I discovered that the actual line splitting takes most of the processing time. I'm thus trying to find the best split method for one line.
My benchmark on a sample size of 10GB is as follows:
approx 5mins:
static final Pattern.compile("\\^");
String[] split = pattern.split(line);
2min37s:
String split[] = string.split("\\^");
2min18s (approx 12% faster than string.split()):
StringTokenizer tokenizer = new StringTokenizer(line, "\\^");
String[] split = new String[tokenizer.countTokens()];
int j = 0;
while (tokenizer.hasMoreTokens()) {
split[j] = tokenizer.nextToken();
j++;
}
Question: could there be more room for improvement?
Upvotes: 0
Views: 874
Reputation: 19575
If the first 120 fields/columns in a line/row are relevant, it may be better to use a "limited" edition of String::split(String delim, int limit)
which will split only for these ~10% of the columns.
// keep relevant 120 fields + 1 field for the tail part
String[] properFields = string.split("\\^", 121);
Update
If there is a prefix of N fields to be skipped and the next M fields need to be processed, a regular expression may be used to define parts of the line and then only the important part should be picked up.
The latter may be implemented using Stream<MatchResult>
retrieved via Scanner
or Matcher
String str = "aaa^bbb^ccc^11^22^33^44^55^xyz\r\npp^qqq^sss^99^88^77^66^55^$313";
// N = M = 3
Pattern line = Pattern.compile("(?<prefix>(([^^\\r\\n]+\\^){3}))(?<body>(([^^\\r\\n]+\\^?){0,3})).*\\R?");
Pattern field = Pattern.compile("\\^"); // caret-separated fields
System.out.println("matcher results");
line.matcher(str)
.results()
.map(mr -> mr.group(4))
.flatMap(s -> Arrays.stream(s.split("\\^")))

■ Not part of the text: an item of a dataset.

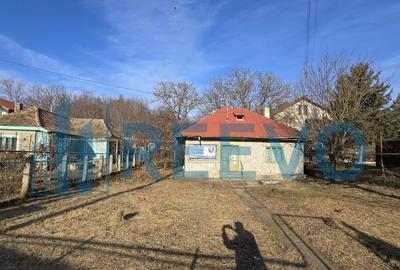 Casa de vanzare Buhu?i, Str. Republicii, Bacau - 3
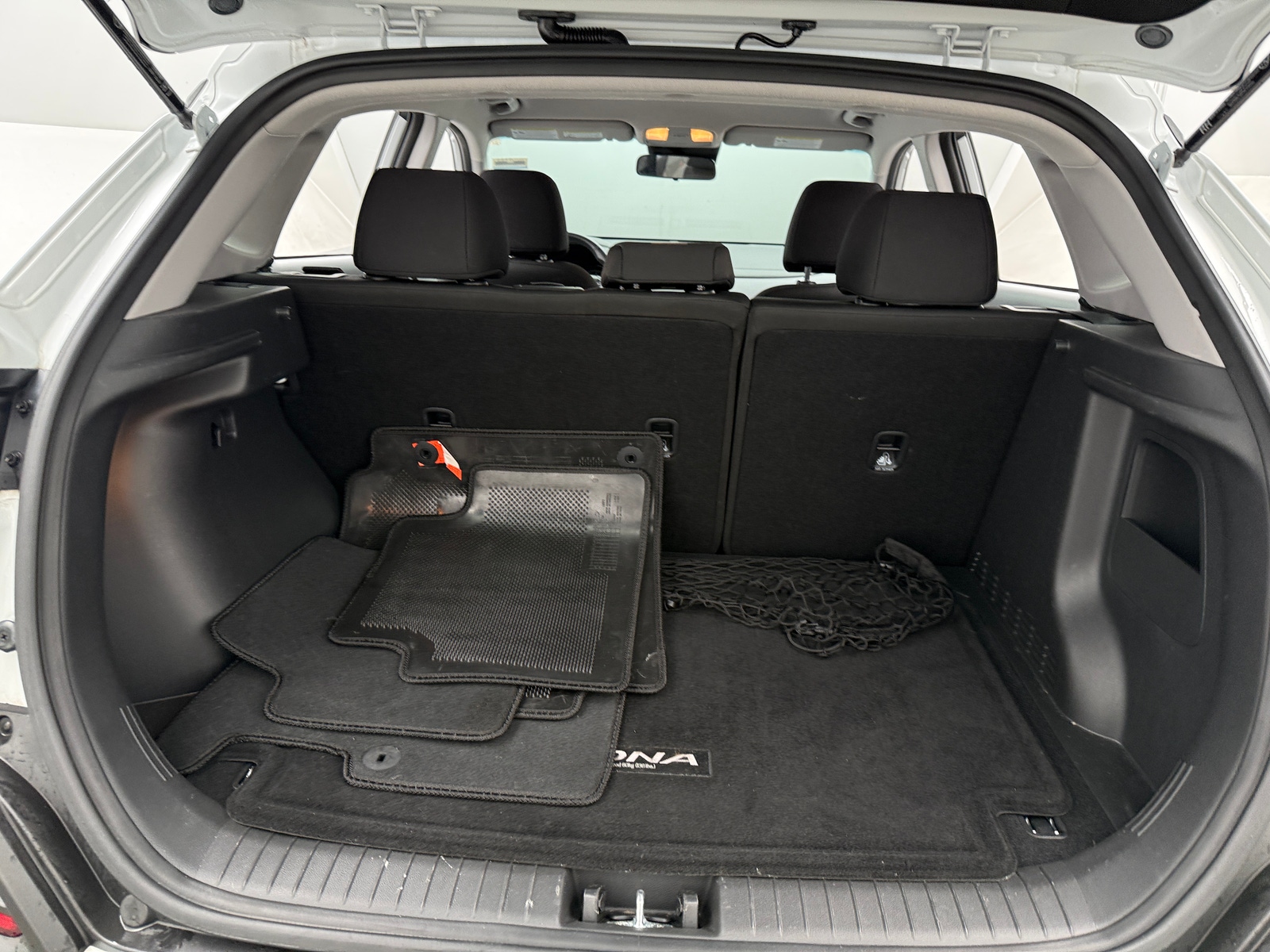 Thumbnail: 2019 Hyundai Kona - 7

.forEach(System.out::println);
System.out.println("scanner findall");
Scanner scan = new Scanner(str);
scan.findAll(line)
.map(mr -> mr.group(4))
.flatMap(field::splitAsStream)
.forEach(System.out::println);
Output:
matcher results
11
22
33
99
88
77
scanner findall
11
22
33
99
88
77
However, regular expressions may also affect performance, so the simplest way to handle large strings may be to implement custom method to return substring between N and N + M occurrence of the delimiter:
public static String substring(char delim, int from, int to, String line) {
int index = 0;
int count = 0;
int n = line.length();
for (; index < n && count < from; index++) {
if (line.charAt(index) == delim) {
count++;
}
}
int indexFrom = index;
for (; index < n && count < to; index++) {
if (line.charAt(index) == delim) {
count++;
}
}
return line.substring(indexFrom, index);
}
System.out.println("scanner plain");
scan = new Scanner(str);
while(scan.hasNextLine()) {
System.out.println(substring('^', 3, 6, scan.nextLine()));
}
Output:
scanner plain
11^22^33^
99^88^77^
Upvotes: 1